> Information provided
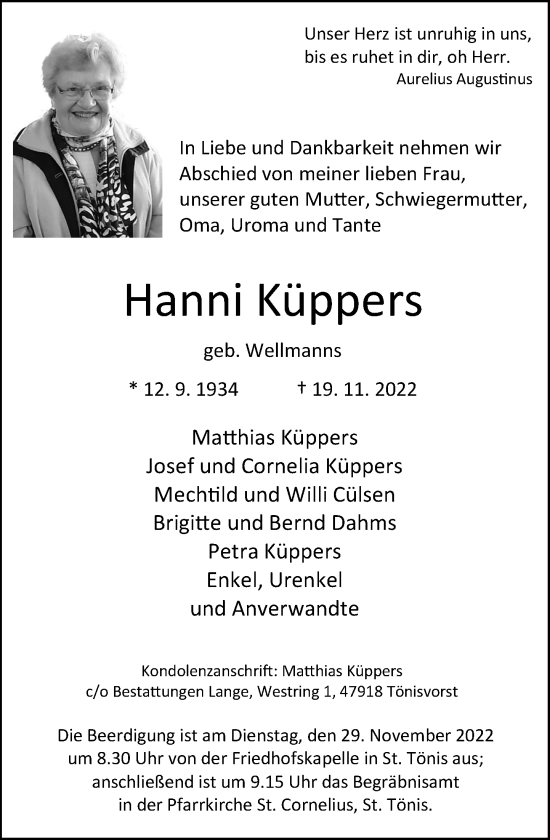 Traueranzeige von Hanni Küppers von Rheinische Post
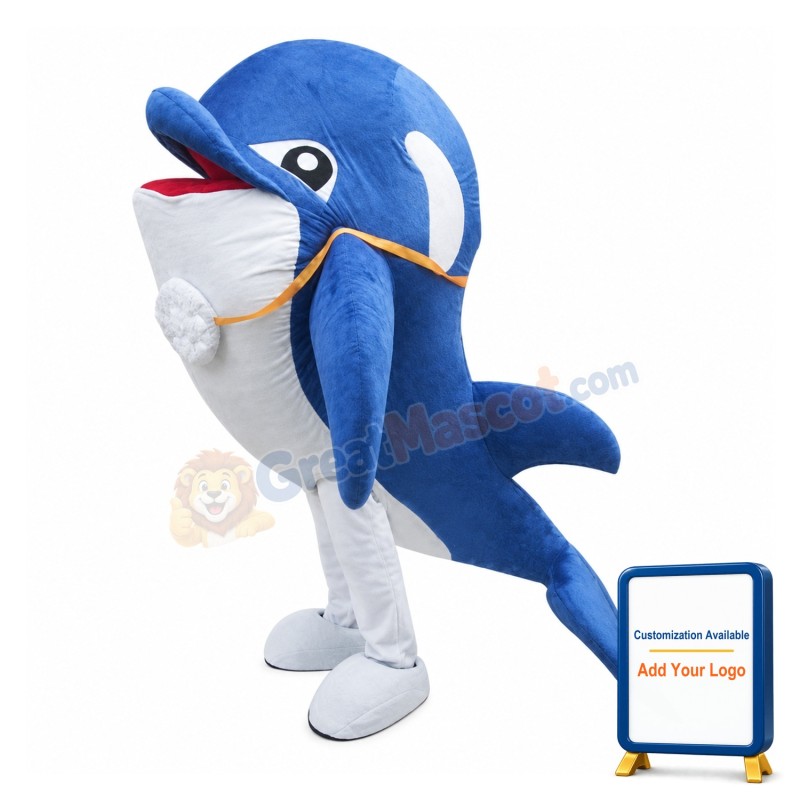 Blue Dolphin Mascot Costume
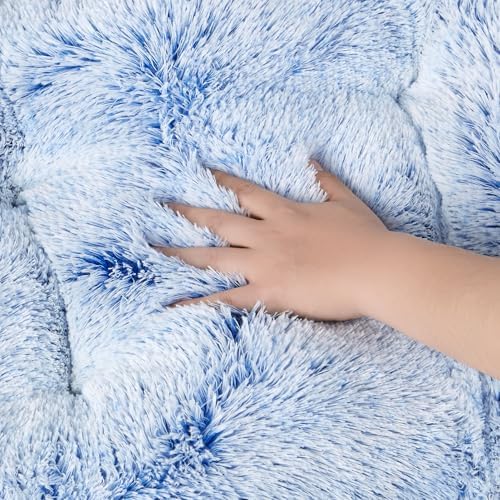 EHEYCIGA Fluffy Dog Crate Bed, Plush XX Large Dog Pillow, Blue - Image 4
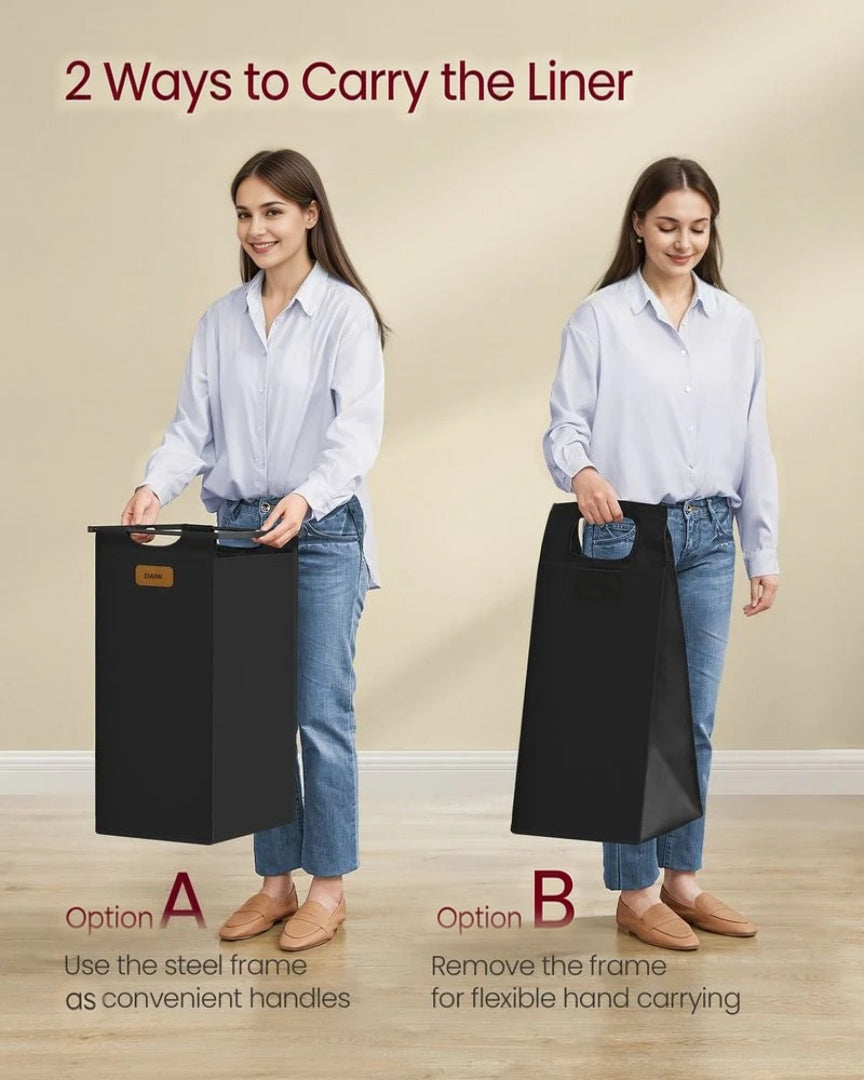 Laundry Hamper With Wheels 2 Compartments 26.4 Gallon Sorter – product view 7 | Ridgefield Furniture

> Exercise
Each line above has to be returned exactly. Drop the pictures.

> Answer space
 Traueranzeige von Hanni Küppers von Rheinische Post
 Blue Dolphin Mascot Costume
 EHEYCIGA Fluffy Dog Crate Bed, Plush XX Large Dog Pillow, Blue - Image 4
 Laundry Hamper With Wheels 2 Compartments 26.4 Gallon Sorter – product view 7 | Ridgefield Furniture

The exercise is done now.